木原稔官房長官は11月12日の会見で「政策効果の低いものは廃止する」と明言。2027年度の予算編成と税制改正に成果を反映させる計画です。
仮想通貨業界への影響──租特見直しで暗号資産税制改革に追い風となるか?

租税特別措置見直しの本丸は「大企業優遇」
日本版DOGEが狙うのは、実質的に「大企業への補助金」として機能してきた租税特別措置の見直しです。
野村総合研究所のエコノミスト・木内登英氏は
「賃上げ税制は経営状況が良い大手企業が恩恵を受け、ますます収益を拡大させる構図」
と指摘しています。
2023年度の租特による減税額は2.9兆円。そのうち賃上げ促進税制と研究開発税制だけで1.7兆円(約6割)を占めます。
暗号資産業界が期待する「分離課税」への道筋
現在、日本の仮想通貨(暗号資産)取引で得た利益は「雑所得」として総合課税の対象です。最高税率は所得税45%+住民税10%=最大55%という世界的に見ても極めて高い水準です。
一方、株式やFXなどの金融商品は「申告分離課税」で一律約20%。この格差が日本のWeb3産業の国際競争力を大きく損なっていると、業界団体は長年指摘してきました。

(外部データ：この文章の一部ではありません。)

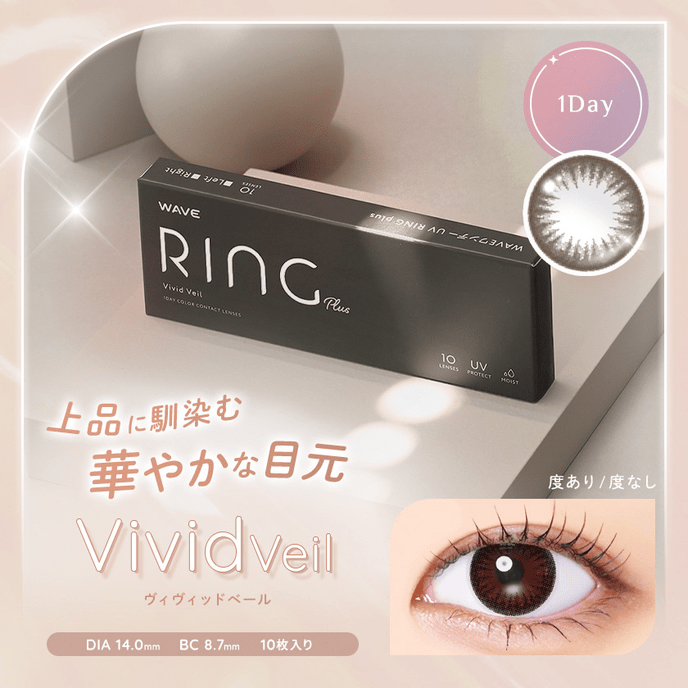 WAVEワンデー UV リング プラス ヴィヴィッドベール 10枚入り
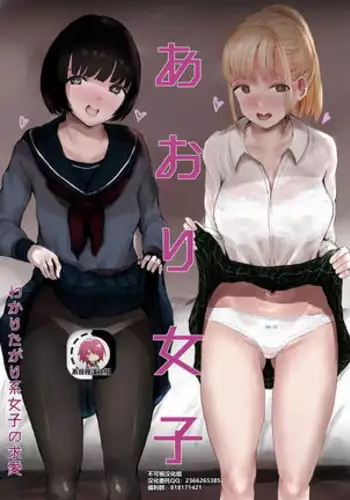 Aori Joshi -Wakaritagari-kei Joshi no Kyuuai-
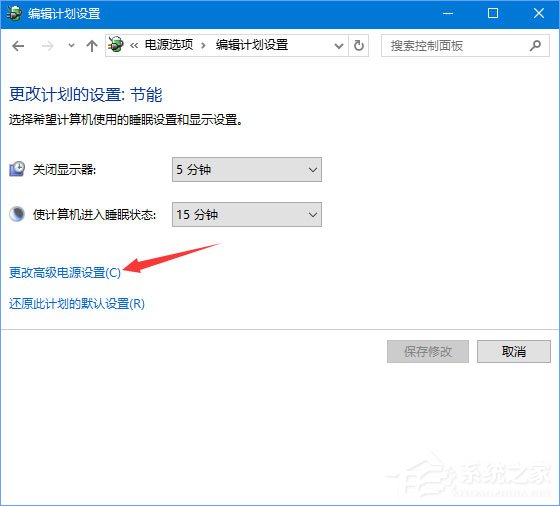 Win10 1709玩吃雞游戲會卡頓怎么辦？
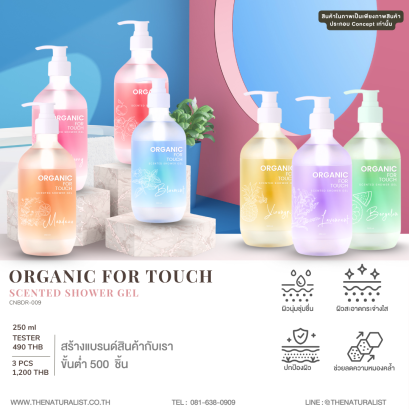 เจลอาบน้ำ 7 สี - Organic For Touch Scented Shower Gel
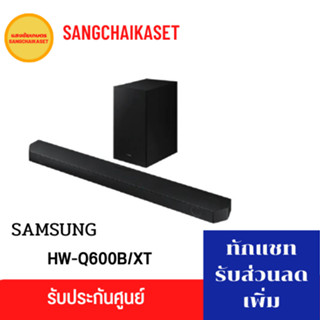 Samsung ซาวด์บาร์ รุ่น HW-Q600B/XT 3.1.2ch Soundbar (2022)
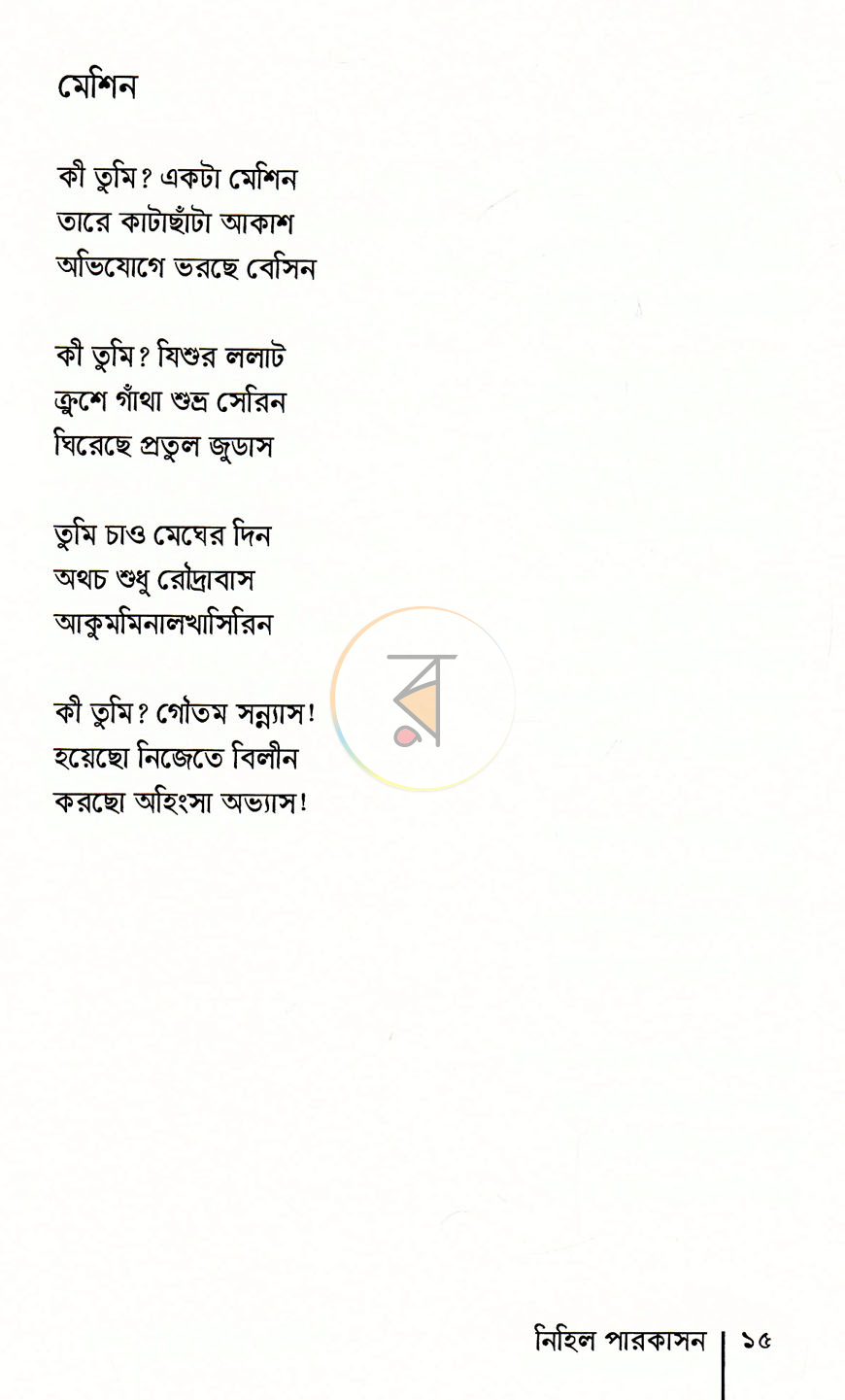 পাতা 11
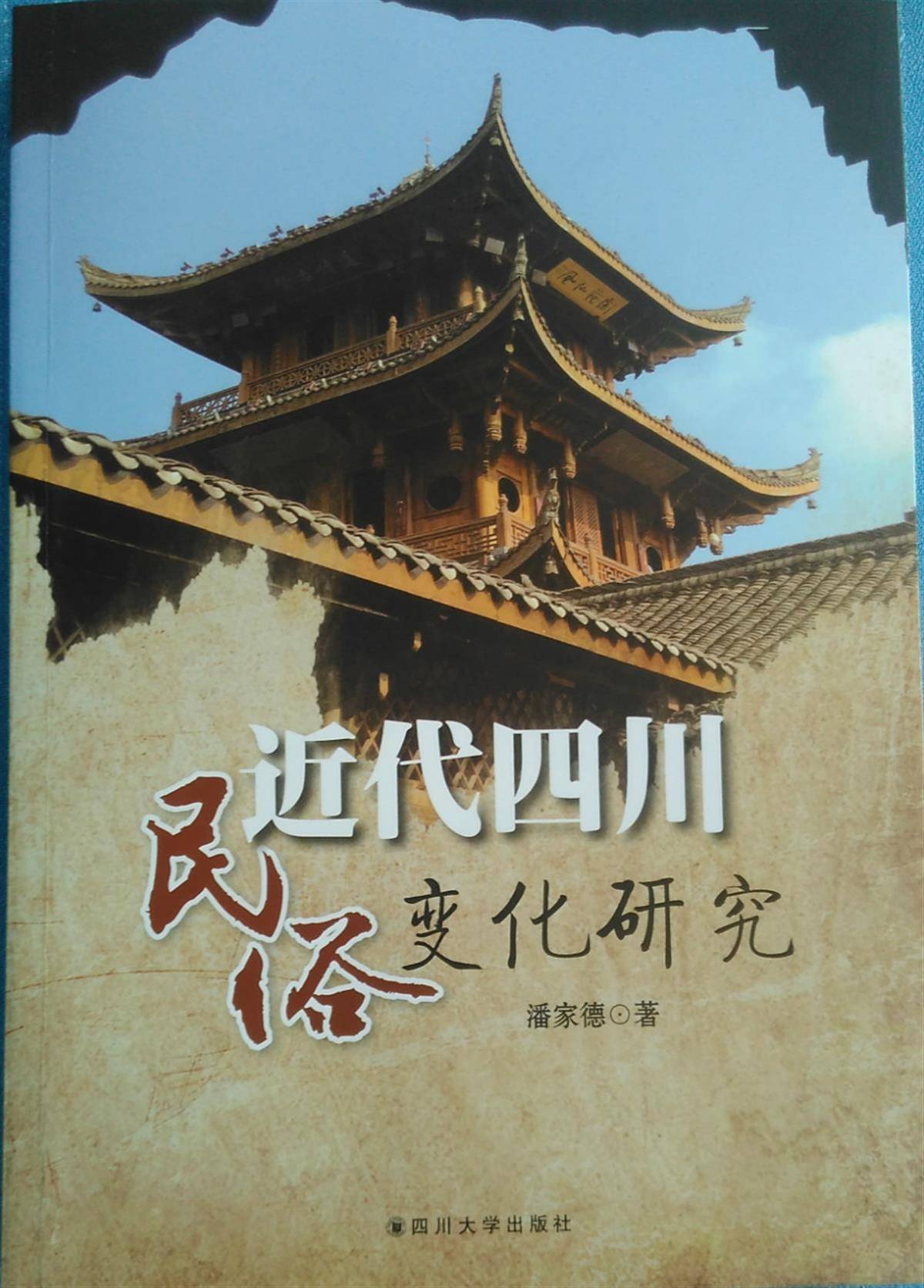 教授退休前最后一课赠学生自编书籍:希望学生认真读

日本ブロックチェーン協会(JBA)の2025年度税制改正要望:
- 個人の暗号資産取引を総合課税→申告分離課税(税率20%)へ変更
- 損失の3年間繰越控除を認める
- 相続時の評価方法を見直す
- 法人の自社発行トークンの期末評価課税を廃止(2025年改正で実現済み)
日本版DOGEが暗号資産税制に与える可能性のある影響
重要な前提:
日本版DOGEの公式の設置目的は「租税特別措置・補助金・基金の見直し」であり、暗号資産税制に直接言及しているわけではありません。しかし、租税特別措置の総点検という大きな流れの中で、間接的に暗号資産税制改革を後押しする可能性があります。
ポジティブシナリオ(可能性として):
✅ 租特全体の見直し機運が高まる
✅ 「効果の低い租特は廃止」→新たな政策(暗号資産優遇)を導入しやすくなる可能性
✅ 財源確保の観点から、課税ベースの拡大(分離課税化)が検討される可能性
✅ 国際競争力の視点が重視され、Web3産業育成の機運が高まる可能性
ネガティブシナリオ(リスクとして):
❌ 財政再建が最優先され、新たな減税策は後回しになる可能性
❌ 「大企業優遇是正」の流れで、新産業への優遇も警戒される可能性
❌ 租特見直しに時間がかかり、2026年度税制改正に間に合わない可能性
2026年度税制改正が最大の注目点
金融庁は2025年8月、2026年度税制改正要望で「暗号資産取引に係る申告分離課税の導入」を正式に要望しました。日本版DOGEの活動がこの要望にどう影響するか、2025年12月に発表される「2026年度税制改正大綱」が最大の注目ポイントです。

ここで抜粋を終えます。